Putting Infection Dynamics at the Heart of Chagas Disease

Abstract

In chronic Trypanosoma cruzi infections, parasite burden is controlled by effective, but nonsterilising immune responses. Infected cells are difficult to detect because they are scarce and focally distributed in multiple sites. However, advances in detection technologies have established a link between parasite persistence and the pathogenesis of Chagas heart disease. Long-term persistence likely involves episodic reinvasion as well as continuous infection, to an extent that varies between tissues. The primary reservoir sites in humans are not definitively known, but analysis of murine models has identified the gastrointestinal tract. Here, we highlight that quantitative, spatial, and temporal aspects of T. cruzi infection are central to a fuller understanding of the association between persistence, pathogenesis, and immunity, and for optimising treatment.

Figure 1. Key Figure. Modes of parasite persistence in long-term Trypanosoma cruzi infections

In chronic infections T. cruzi predominantly parasitizes myocytes. These infected cells are typically scarce and focally distributed; they can be within cardiac, skeletal or smooth muscle tissues, such as those from the vasculature or the gastrointestinal (GI) tract. The heart is the most common site of pathology. Parasite persistence within an individual host may occur through different modes: a) Continuous persistence describes an ever-present, low abundance parasite load that is sustained as a locally contained equilibrium between intracellular parasite replication and host immune responses; b) Although they have not been proven to exist, dormant forms of T. cruzi may reside within tissues and evade host immunity. As seen for other pathogens, reactivation into typical replication cycles could occur on an intermittent basis; c) Due to the ability of T. cruzi to invade multiple tissues and migrate between them, an organ may be subject to discrete episodes of infection by reinvasion. These three modes are not mutually exclusive and may overlap to different degrees at different times. Over time, the cumulative parasite load is likely to dictate the frequency and intensity of local inflammatory responses, which, depending on their quality, result in differing degrees of pathology. The figure is intentionally simplified and does not convey the molecular and cellular complexity of Chagas disease immunopathogenesis.

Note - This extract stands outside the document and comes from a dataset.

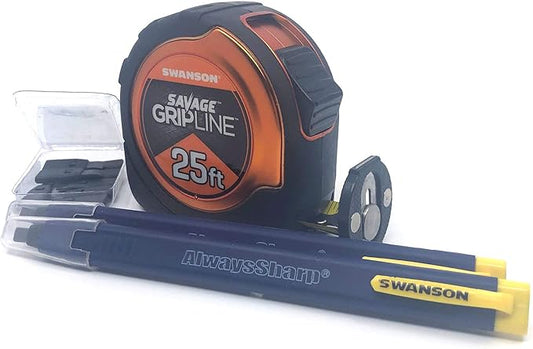 Swanson Tool Co SVGL25M1/CP216 Value Pack featuring a 25 Foot Gripline Tape Measure and 2 Mechanical Pencils with Black Graphite Replacement Tips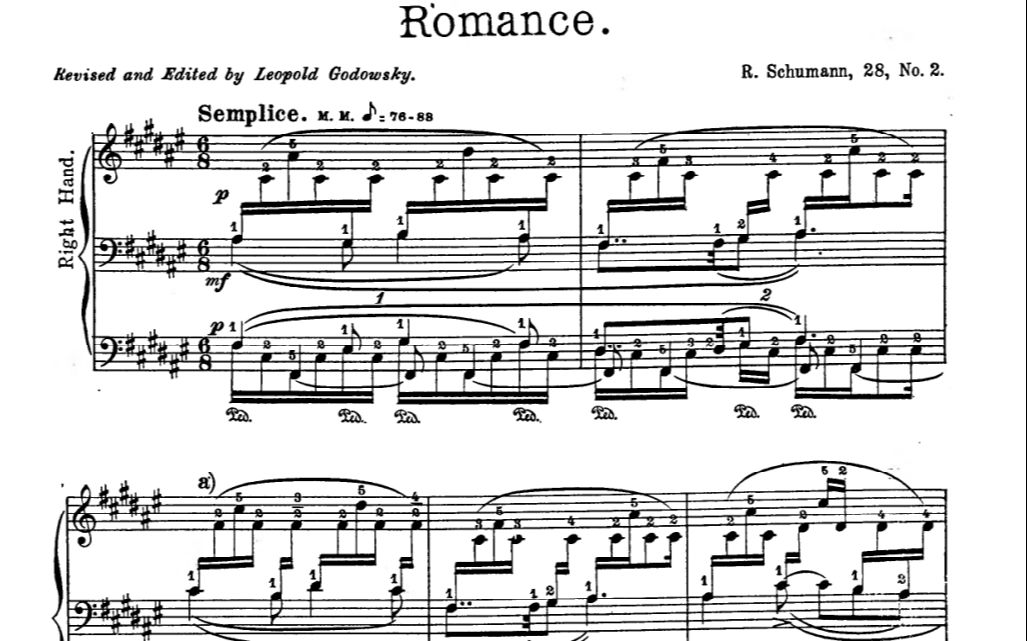 舒曼-升f大调浪漫曲(op.28 no.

Figure 2. Model for a link between host-parasite genetics, infection dynamics and chagasic cardiac pathology

In experimental murine models of chronic Trypanosoma cruzi infection, varying host and parasite genotype combinations can generate different severities of cardiac pathology. Real-time in vivo imaging studies of tissue-specific infection dynamics [16, 34] have suggested that an important factor is the extent of parasite dissemination. Regions of the gastrointestinal (GI) tract serve as permanent reservoirs of infection, especially the proximal large intestine and stomach, regardless of the host-parasite genotype combination. The photos show ex vivo imaged GI tracts overlaid with pseudocolour heat-maps of bioluminescence intensity, which is used as a proxy for parasite numbers. Other tissue sites, including the heart, are actively infected more sporadically. Some models, such as C57BL/6 mice infected with a T. cruzi type VI strain (CLBR) have low parasite burdens outside the gut, heart infection is relatively infrequent and cardiac fibrosis is relatively mild. Other models, particularly C3H/HeN mice with chronic T. cruzi type I infections, have more broadly disseminated infections, frequent infection foci localized to the heart and more severe cardiac fibrosis.